- EXERCISE:
Would you copy out the following entries exactly, without any of the pictures?

** DATA FOR THE TASK follows **

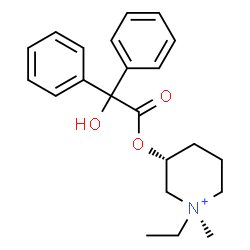 ChemSpider 2D Image | (1R,3R)-1-Ethyl-3-[2-hydroxy(diphenyl)acetoxy]-1-methylpiperidinium | C22H28NO3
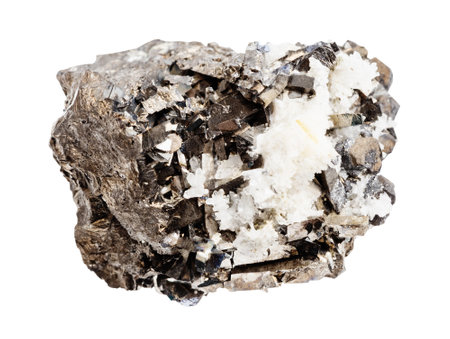 close up of sample of natural stone from geological collection - raw arsenopyrite mineral isolated on white backgroundの写真素材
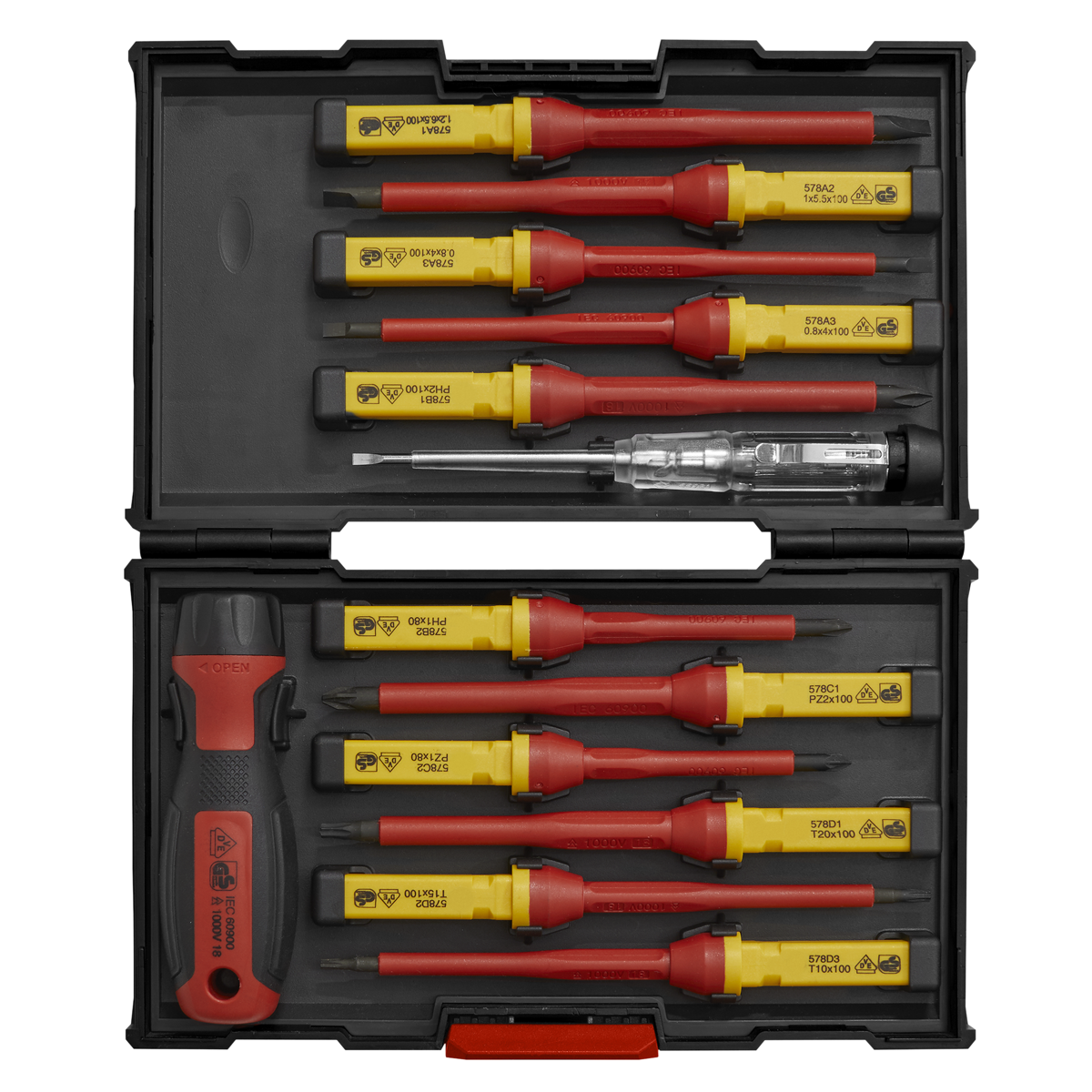 Sealey 13pc Interchangeable Screwdriver Set - VDE Approved AK6128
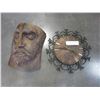 Image 1 : METAL GERMAN WALL CLOCK AND VINTAGE AND WOOD CARVED MASK FROM POLLAND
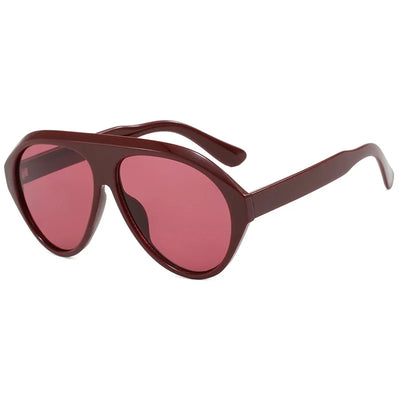 Vintage One Piece Red Gradient Sunglasses for Wome New Fashion Oversized Sexy Sun Glasses Ladies Outoor Uv400 Shades Black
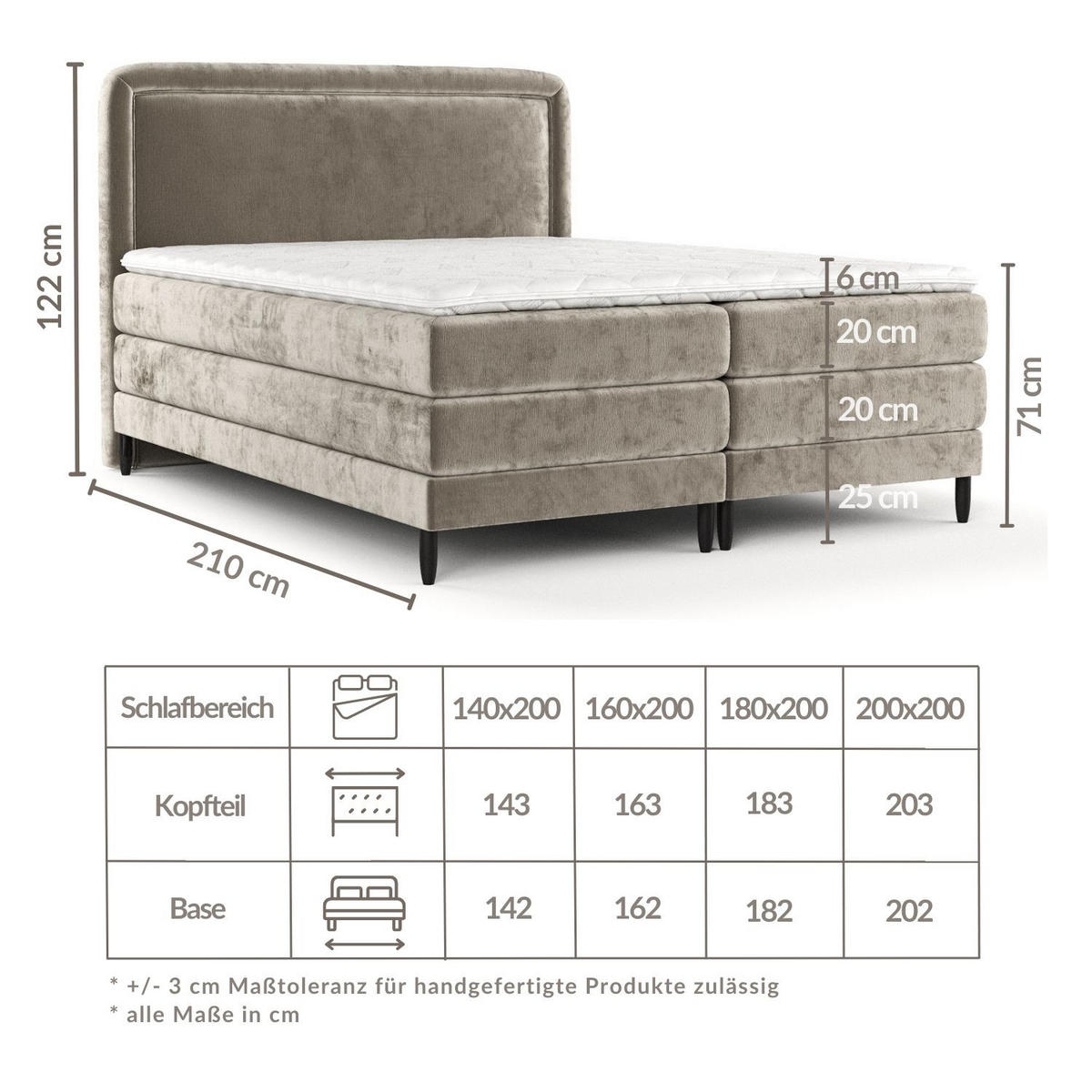 BOXSPRINGBETT Dove Beige 160/200 cm mit Matratzen und Topper - Beige/Schwarz, Holz/Holzwerkstoff (160/200cm) - Maison de Reve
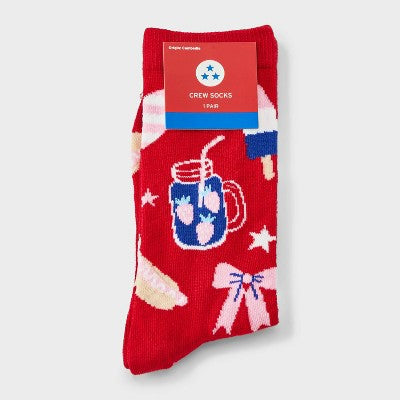 Women's Summer BBQ Crew Socks - Red 4-10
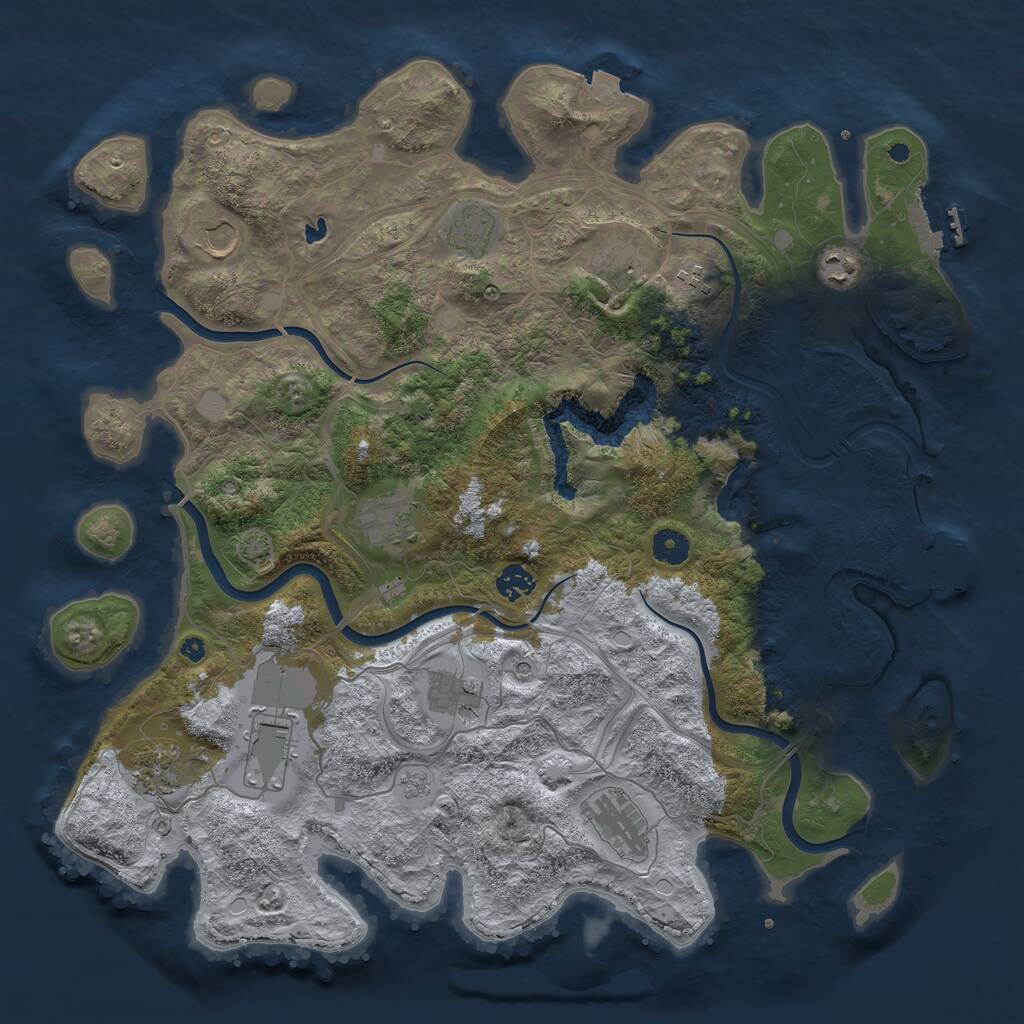 Rust Map: Procedural Map, Size: 4250, Seed: 556972725, 17 Monuments
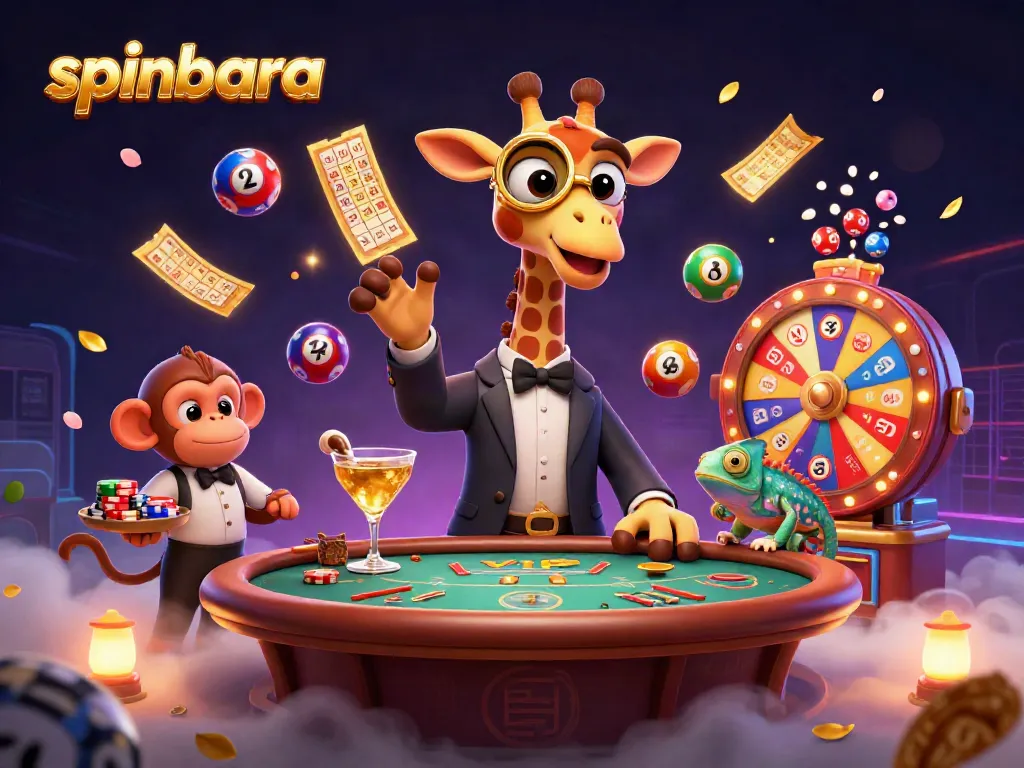 Experience the excitement of Spinbara Casino with a vibrant scene of a high-roller giraffe and friends betting energetically.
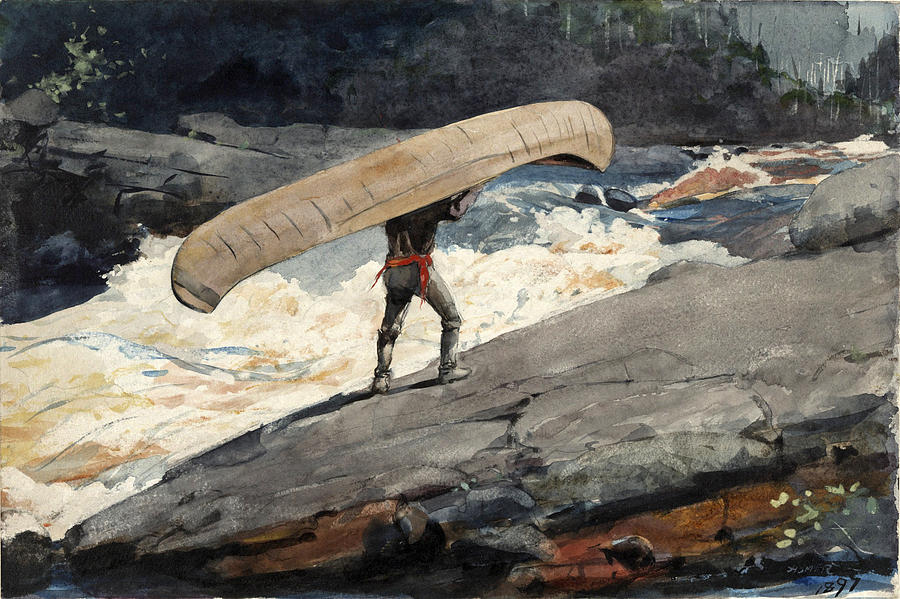 Winslow Homer Drawing - The Portage #2 by Winslow Homer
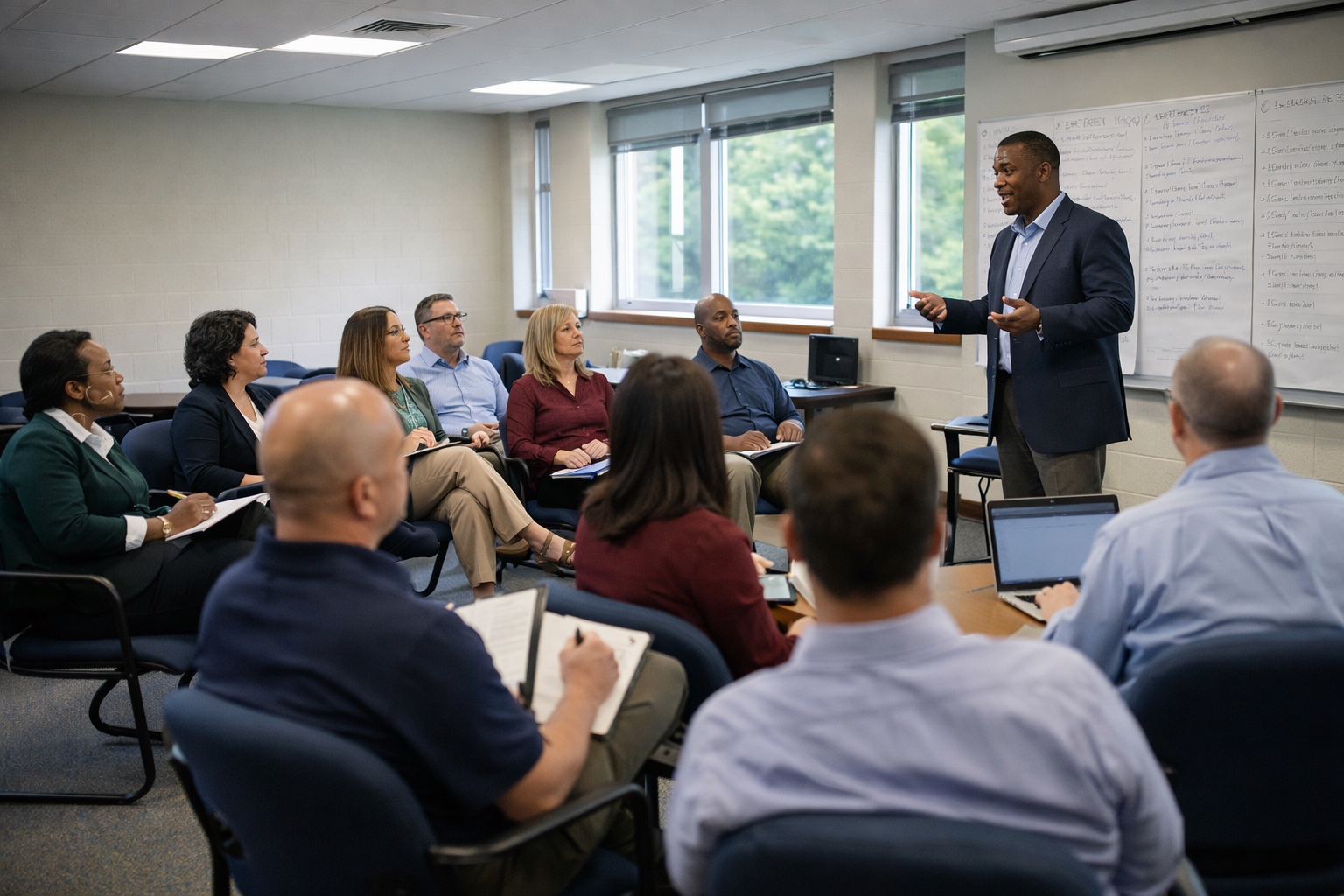 Brandon House facilitating a leadership development workshop with school leaders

** End of DATA FOR THE TASK **

- ANSWER FOR THE TASK:
 ChemSpider 2D Image | (1R,3R)-1-Ethyl-3-[2-hydroxy(diphenyl)acetoxy]-1-methylpiperidinium | C22H28NO3
 close up of sample of natural stone from geological collection - raw arsenopyrite mineral isolated on white backgroundの写真素材
 Sealey 13pc Interchangeable Screwdriver Set - VDE Approved AK6128
 Image 1 : METAL GERMAN WALL CLOCK AND VINTAGE AND WOOD CARVED MASK FROM POLLAND
 Vintage One Piece Red Gradient Sunglasses for Wome New Fashion Oversized Sexy Sun Glasses Ladies Outoor Uv400 Shades Black
 BOXSPRINGBETT Dove Beige 160/200 cm mit Matratzen und Topper - Beige/Schwarz, Holz/Holzwerkstoff (160/200cm) - Maison de Reve
 Women's Summer BBQ Crew Socks - Red 4-10
 Rust Map: Procedural Map, Size: 4250, Seed: 556972725, 17 Monuments
 Experience the excitement of Spinbara Casino with a vibrant scene of a high-roller giraffe and friends betting energetically.
 Winslow Homer Drawing - The Portage #2 by Winslow Homer
 Brandon House facilitating a leadership development workshop with school leaders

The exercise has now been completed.